Os copolímeros anfipáticos do tipo dibloco ou tribloco, quando em meio aquoso, podem reorganizar-se em micelas e em nanopartículas. Estas nanopartículas apresentam uma forma esférica, com diâmetro médio compreendido entre 20 e 200 nm, podendo ser utilizadas para prolongar o tempo de residência na circulação sanguínea e para liberação sustentada de vários princípios ativos[107].
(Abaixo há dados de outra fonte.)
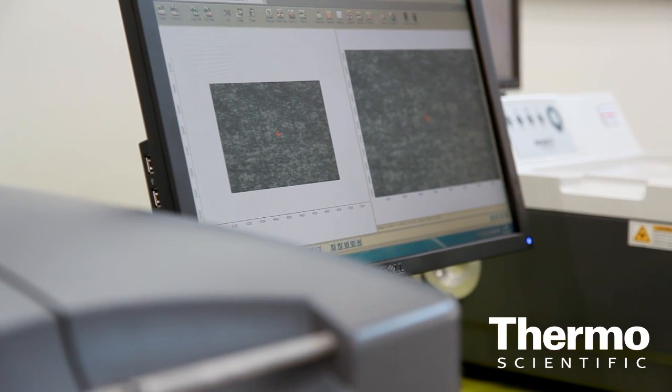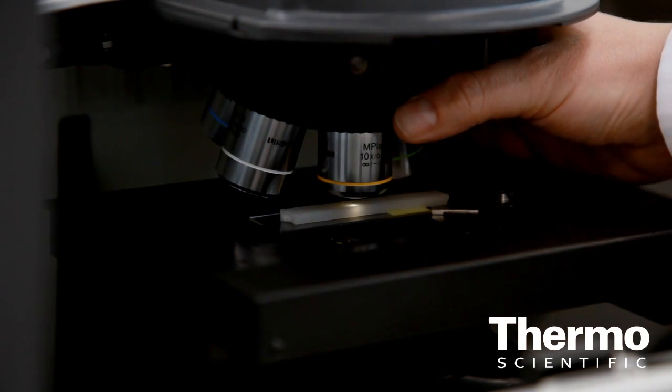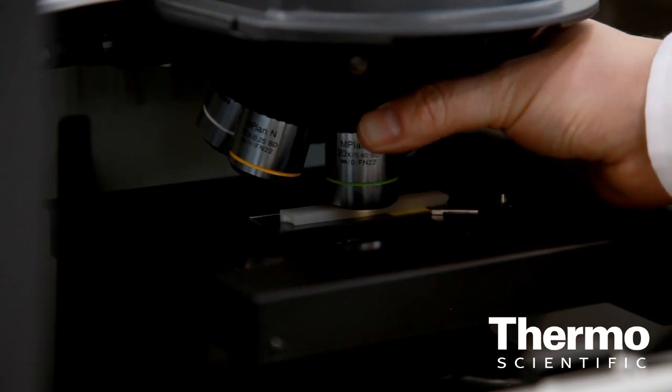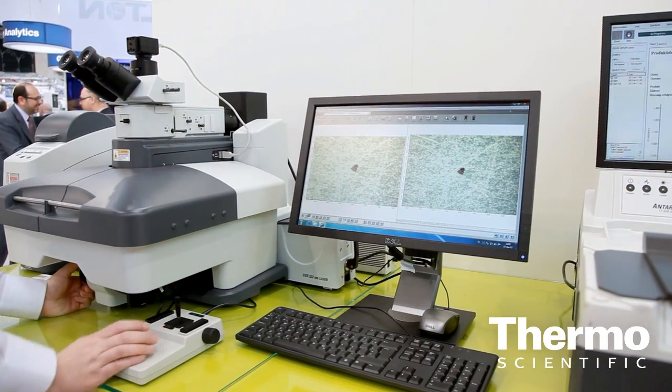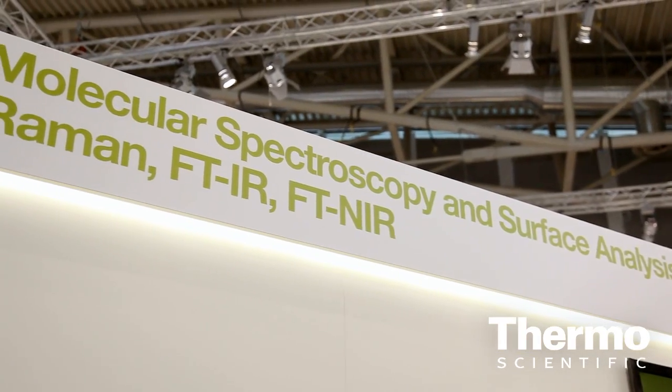Especially here, you can identify impurities like this one in a polymer matrix. There are small particles, there are small impurities here, and you can identify these small impurities very fast with this Raman instrument. We have here a glass objective, which means you can measure directly through the objectives. You have a very crystal clear picture and you can identify small particles directly through these objectives.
As contrário dos tensoativos que formam micelas em meio aquoso, os copolímeros diblocos que formam nanopartículas podem não ser solubilizados quando colocados diretamente em contato com o meio aquoso. Por esta razão, os copolímeros dibloco são dissolvidos num solvente orgânico miscível na água, tal como a N,N'-dimetilacetamida e, quando dialisados contra a água, formam as nanopartículas. Em alternativa, os copolímeros diblocos podem ser dissolvidos num solvente orgânico imiscível na água, como o clorofórmio e, em seguida, emulsificados com uma fase aquosa. Por evaporação do solvente volátil são formadas as nanopartículas[108].

O bloco hidrofílico normalmente utilizado é PEO, enquanto que os blocos hidrofóbicos incluem os poli(L-aminoácidos), o poli(L-ácido láctico) e os polialquilcianoacrilatos. Os valores de MM dos diblocos ou triblocos varia entre 2.000 a 20.000 Da.

Em solução aquosa, os agregados micelares consistem num núcleo hidrofóbico envolvido por uma parede polimérica hidrofílica. O núcleo da micela atua como um microreservatório para a incorporação de princípios ativos hidrofóbicos, enquanto que a parede polimérica externa serve como uma interface entre o núcleo hidrofóbico da micela e o ambiente exterior. As micelas de diblocos podem ser igualmente formadas a partir de diblocos que incluem sequências hidrofóbicas e sequências carregadas ou hidrofílicas. Neste caso, o bloco carregado interage com a porção de fármaco carregada formando um núcleo neutro no interior da micela. O comprimento da cadeia do bloco hidrofóbico é, em geral, menor ou igual ao comprimento da cadeia do bloco hidrofílico.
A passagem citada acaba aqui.